Australian rules footballer

Darren Smith (born 9 February 1965) is a former Australian rules footballer who played for the Port Adelaide Football Club in the South Australian National Football League (SANFL) and Adelaide Football Club in the Australian Football League (AFL).

== Port Adelaide (1984–1990) ==
Smith grew up in the Eyre Peninsula, playing for Rudall Football Club in the County Jervois Football League (CJFL).
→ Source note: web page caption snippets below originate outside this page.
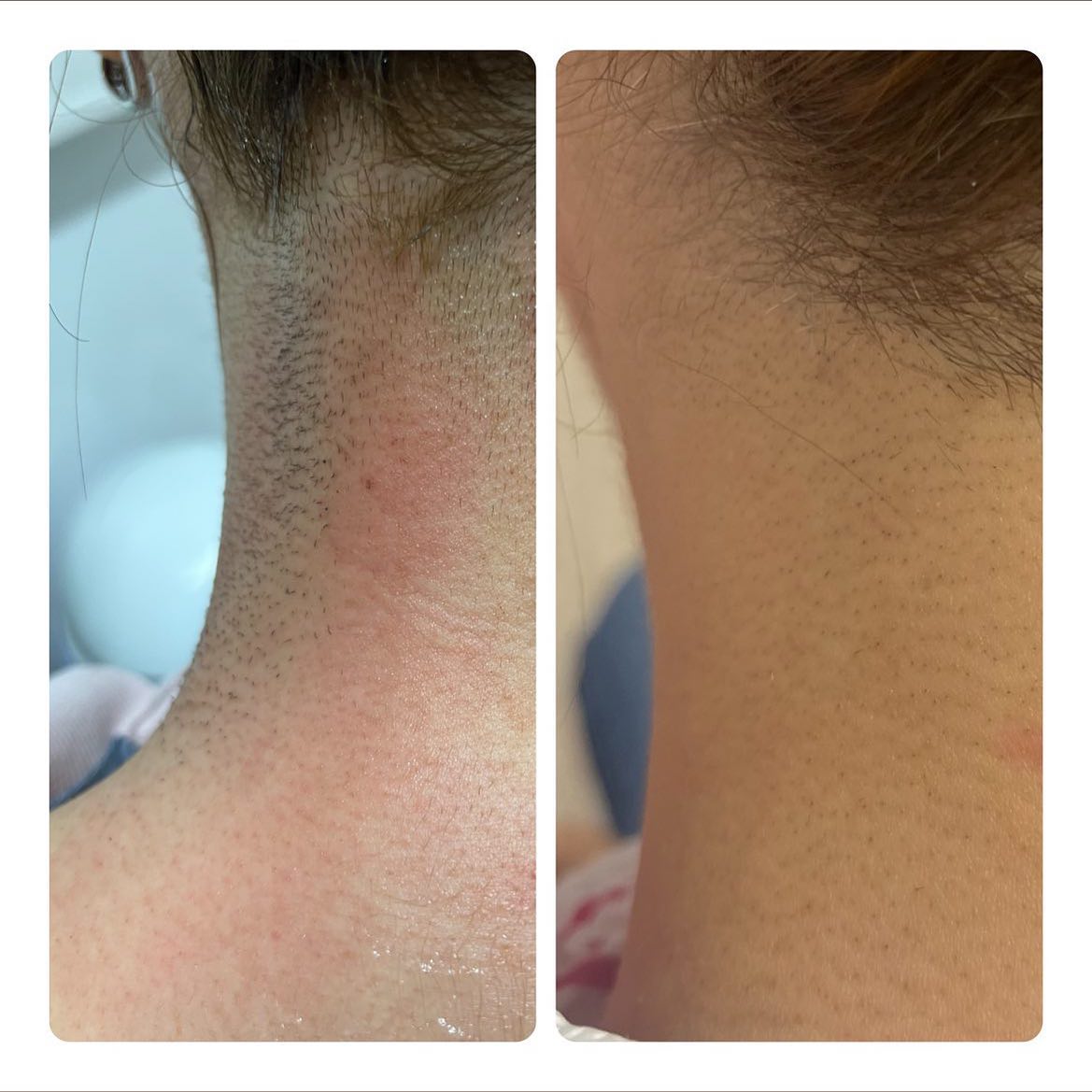 Woow nach nur einer Behandlung! #happycostumers❤️ #google #bewertung #feedback #kunden #dauerhaftehaarentfernung #haarfrei #kosmetik #beauty #sugaring #waxing #microneedling #microdermabrasion #hydratingskincare #kosmetikstudio #salzburg #salzburgstadt #salzburgland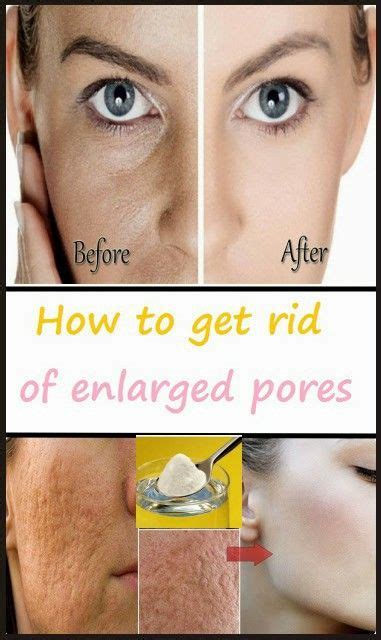 How To Get Rid Of Enlarged Pores Enlarged Pores Moisturizer For Oily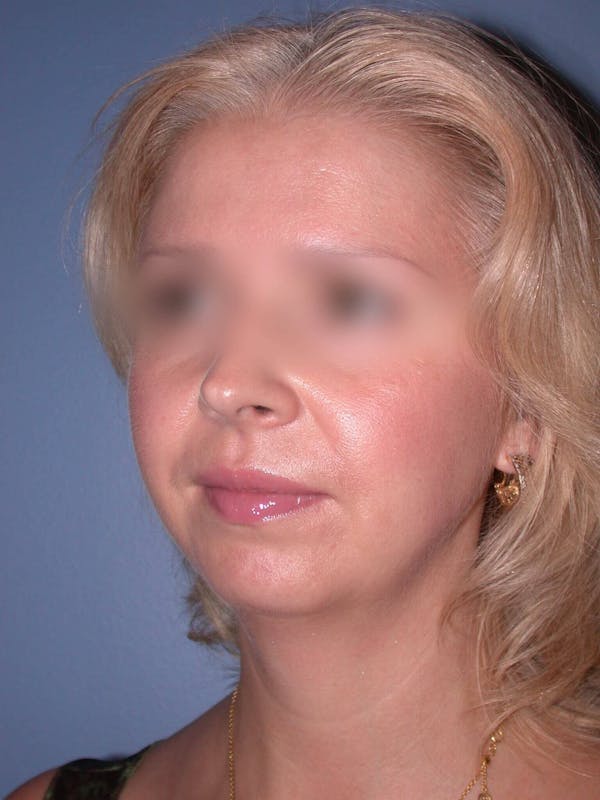 Neck Lift Before & After Gallery - Patient 4757158 - Image 5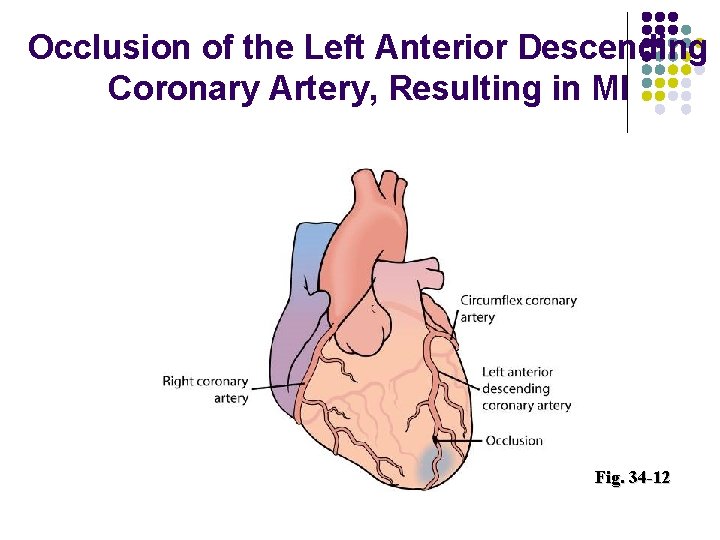 Occlusion of the Left Anterior Descending Coronary Artery, Resulting in MI Fig. 34 -12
After playing under-age football for Port Adelaide, he broke into the Port Adelaide seniors in 1984. He topped Port's goal-kicking in 1986 and 1987, with 49 and 71 goals respectively, ending the sequence of nine leading goal-kicker awards from Tim Evans. Essendon acquired the centre half forward's services when they picked him up with pick 11 in the 1989 VFL Draft but the move didn't work out and he resumed at Port Adelaide.

== Adelaide Crows (1991–1992) ==
When Adelaide entered the AFL in 1991, Smith was one of their local recruits and he performed well in their inaugural with two goals and ten marks against Hawthorn. Two rounds later he played his best game for Adelaide when he had 24 disposals and kicked four goals and five behinds in a win over Sydney at the SCG, with his fellow Port Adelaide key forward Scott Hodges bagging six of his own.

He soon lost his place in the team and spent most of the remainder of the season playing for Port Adelaide in the SANFL.

== Port Adelaide (1993–1998) ==
After being delisted by the Adelaide Crows, Darren Smith resumed playing for Port Adelaide on a full-time basis. He retired in 1998. Smith had appeared in seven premiership teams with Port Adelaide, 1988, 1989, 1990, 1992, 1994, 1995 and 1996. Smith is widely regarded as one of the best team men to play for the Port Adelaide Football Club.

== Personal life ==
Smith's niece, Bella Smith, played junior football for Port Adelaide and has played professionally since 2021, when she was drafted by AFL Women's (AFLW) club Collingwood.

== Honours ==
Darren Smith is only one of six players, the others being Russell Ebert, Greg Phillips, Tim Ginever, Kane Cornes and Travis Boak, to have played 300 games for the Port Adelaide Football Club.